Hübsch machen für den grossen Nachbarn

Erstmals seit 23 Jahren besuchte ein chinesisches Staatsoberhaupt Nepal. Es gab Momos, eine vielversprechende Traktandenliste und viel gegenseitige Zuneigung.

Man fühlte sich ein bisschen beobachtet, die letzten Tage in Kathmandu. Überall hingen Bilder des chinesischen Präsidenten Xi Jinping und der nepalesischen Präsidentin Bidhya Devi Bhandari.

Müllwagen eimerten durch die Strassen, Arbeiter auf Bambusleitern strichen Mauern, Blumenbeete wurden aufgestellt, Frauen fegten Plastikmüll von den Trottoirs: Kathmandu war in den letzten Tagen kaum wiederzuerkennen. Die Stadt, die sonst vor allem für Luftverschmutzung, Staus und Abfallberge bekannt ist, hat sich rausgeputzt. Rausgeputzt für Xi Jinping.

Der chinesische Präsident hat Nepal dieses Wochenende einen zweitägigen Besuch abgestattet. Es standen Gespräche mit Regierungsvertretern und der nepalesischen Präsidentin Bidhya Devi Bhandari an. Während beim Treffen zum Ärger einiger nepalesischen Food-Aficionados abgesehen von Momos und Kwati (Bohnensuppe) fast nur ausländische Gerichte aufgetischt wurden, herrschte Zuversicht bis Euphorie, was die politische Menükarte anbelangte. Es ging unter anderem um den Zugang für Nepal zu chinesischen Frachthäfen und um zahlreiche Infrastrukturprojekte im Rahmen der Belt and Road Initiative, zu welcher sich Nepal 2017 bekannt hatte. Wie am Montagmorgen bekannt wurde, hat China Nepal unter anderem zugesichert, den Bau einer Eisenbahn zwischen Kathmandu und Tibet voranzutreiben und die Errichtung einer neuen Universität finanziell zu unterstützen.

Lieber keine Fotos

Keine Überraschung also, dass Nepal, ein Land, das in den internationalen Rankings zur Produktivität im hintersten Viertel der Plätze rangiert, bei diesen Aussichten noch einen draufgesetzt bei den Vorbereitungen auf diesen Besuch. Viele Hauptstrassen waren beidseitig mit Porträts der beiden Staatsoberhäupter gesäumt. Chinesische Flaggen wehten neben den rot-blauen Zacken Nepals. Alle 500 Meter überspannte ein roter Torbogen die Strasse, darauf Slogans zu lesen wie «Long live Nepal-China Friendship», und alle 50 Meter standen Polizisten mit Gewehren und Schlagstöcken. «Photos not allowed», wies mich einer der Polizisten zurecht, als ich die Propaganda in ein paar Bildern festhielt.
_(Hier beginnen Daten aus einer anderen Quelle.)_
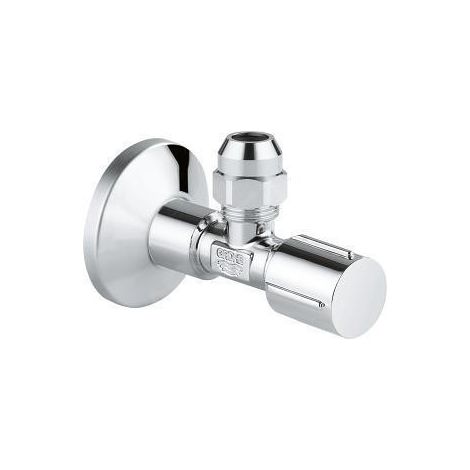 Robinet d'angle GROHE 1/2'x3/8' avec capuchon, chrome (22045000) (1/2)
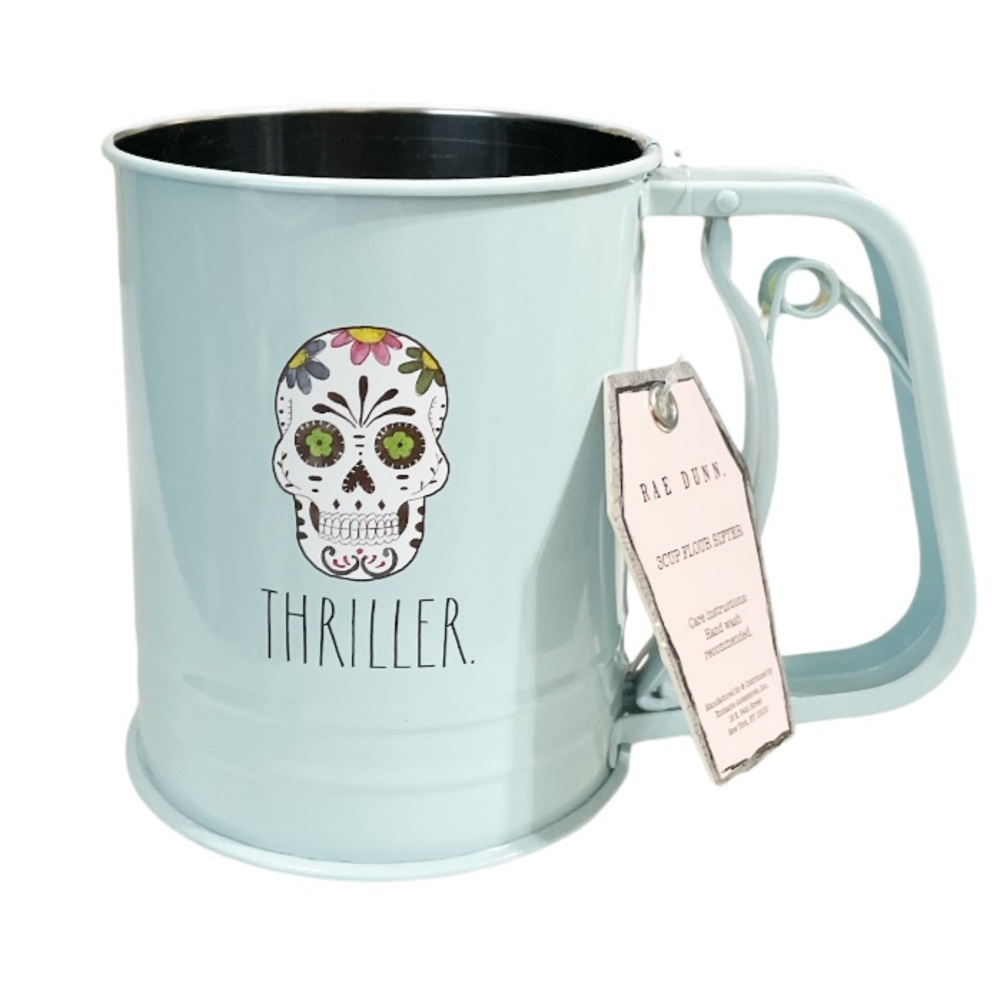 NEW Rae Dunn THRILLER  3 Cup Flour Sifter💀💀💀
Blumen auf Kathmandus Strassen – das hätte ich mir noch vor ein paar Tagen in meinen wildesten Träumen nicht vorstellen können. (Entweder war die «No photos»-Regel nur eine Laune des Polizisten oder er vergass schlicht, mich aufzufordern, die bereits gemachten Bilder zu löschen… 🙂 )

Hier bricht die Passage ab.